A useful approach is to work from broad to specific. Get the overall composition right first: Does the image fit the frame? Does the subject read clearly in the layout? Then focus in on the details.
As a general rule: reach for edit with prompt for broad changes like style, color, and mood. Then use targeted tools for precise structural edits once the overall image is where you want.
Now you try!
We’ll build on the previous exercise by using the generated images in some website section layouts.
Your challenge is to recreate the sample website sections by combining and layering Figma's image editing tools. Feel free to follow the examples closely or put your own spin on them.
1. Copy the reference imagery and starter designs into a file
First, click Copy frame on the image below and paste the image and website section designs from your clipboard into your file.
2. Recreate these layouts, or imagine your own
Use the starting assets provided, or the images you created in the previous step, recreate one or both of the example layouts using Figma's image editing tools. Or, skip the examples and create your own layouts from scratch!
You’ll need to layer multiple image editing tools, like Expand and Isolate, together to achieve these layouts.

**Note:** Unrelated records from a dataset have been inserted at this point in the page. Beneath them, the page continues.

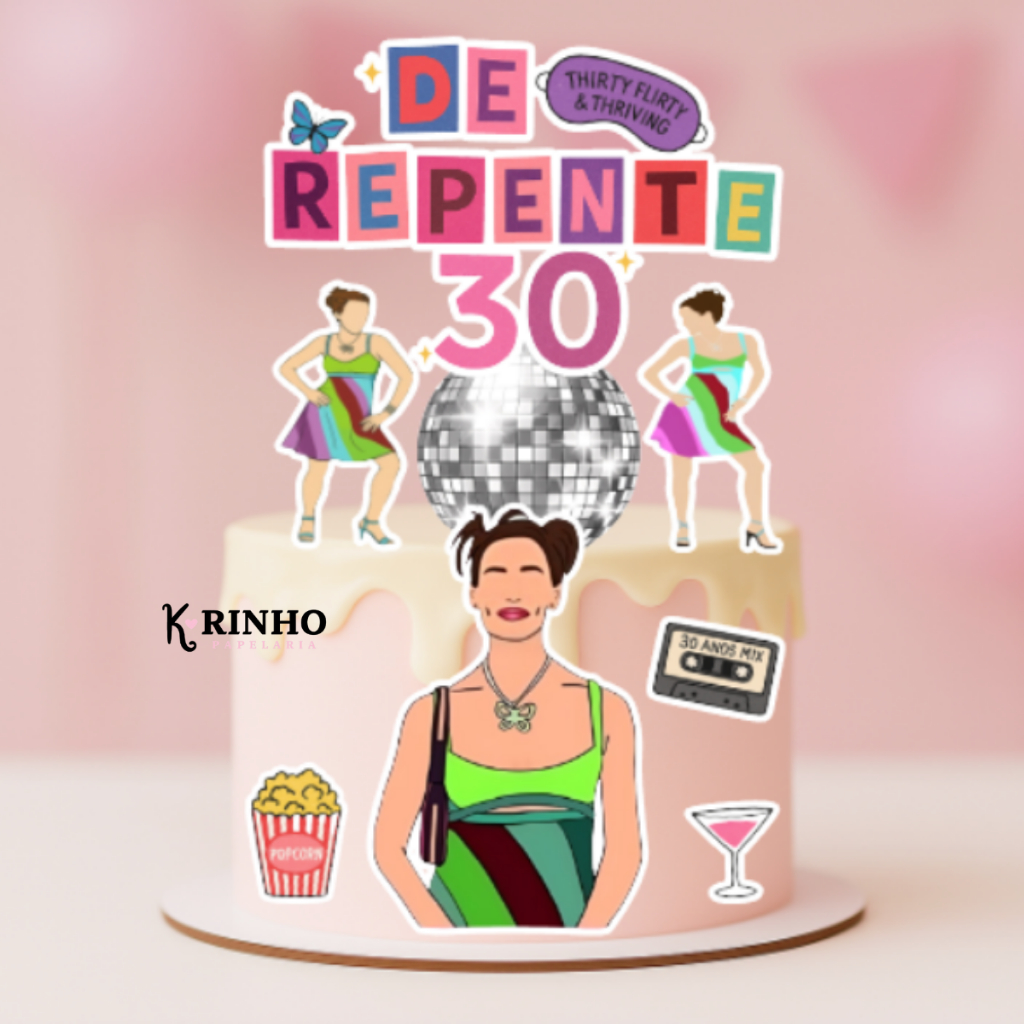 Topo De Bolo Tema De repente 30 anos • Festa • Aniversário em Oferta na Shopee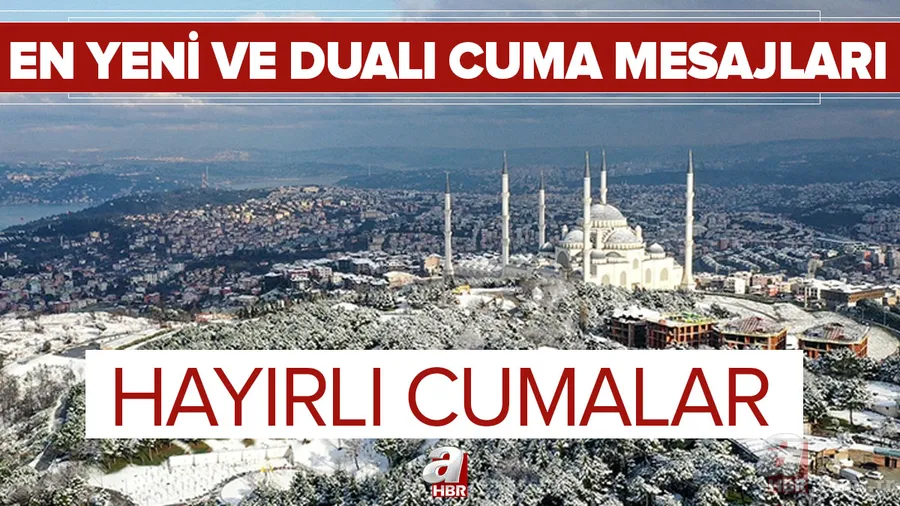 Cuma mesajları resimli yazılı: 2021 dualı ve en yeni cuma mesajları ile sevdiklerinizin cumasını kutlayın! Hayırlı Cumalar 1
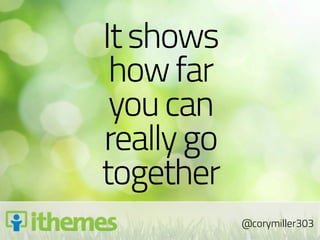 It shows
 how far
 you can
really go
together
            @corymiller303
 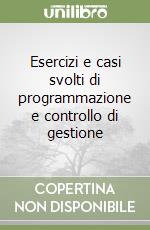 Esercizi e casi svolti di programmazione e controllo di gestione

Not sure where to start? Follow along in the videos below, or copy the finished layouts into your file to inspect the designs:
Creating consistent creative treatments with Weave tools
As you work with Figma’s image tools, you might find yourself re-using parts of the process to create similar results: for example, the same reference imagery or the same language in each prompt.
Figma Weave allows you to systemize these workflows, packaging detailed prompts and reference imagery into node-based workflows that excel in consistent, high quality results. With Weave tools, you can access these workflows right from the Figma canvas.
Figma currently offers a set of pre-built Weave tools built for common creative tasks. They're particularly useful for:
- Applying a visual style to an image: Bauhaus, marker art, pixel art, crayon
- Generating product imagery: e-commerce shoots, multi-view product sheet
Coming soon, you'll be able to build your own Weave tools to define your own visual systems.
Think of building your own Weave workflow as setting up a creative system upfront. You define the style, the references, the prompts once. From there, anyone on the team can apply that treatment to any image, consistently, without having to recreate the thinking each time.
Now you try!
We'll build on the previous exercises by adapting an existing image for a new design direction.
Cheddar's landing page now needs a dark mode, and the current imagery no longer fits the theme. Instead of generating a new image and trying to recreate the original composition, you'll use Figma's Change Lighting Weave tool to transform the existing image into a neon-lit version. Same shot, completely different energy.
1. Copy the reference imagery and starter designs into a file
First, click Copy frame on the image below and paste the image and website section designs from your clipboard into your file.
2. Transform the images for dark mode
- Head over to Tools in the navigation bar on the left and search for Change lighting.
- Select one of the starting assets, or any image you’ve created, and choose the Neon colored light style.
- Then, follow the same steps as the previous exercise to adapt the new dark mode imagery into the website layouts, or create your own.
Not sure where to start? Follow along in the video below or copy the finished layouts into your file to inspect the designs.
Figma's AI image tools cover the full arc of working with imagery in a design. You can use them to handle the execution of your ideas, and speed up the amount of time it takes to create and refine images for your designs.
The best results come from bringing creative direction to the tools. Things like a specific prompt, a well-chosen reference, a clear sense of what the image needs to do in the design go a long way.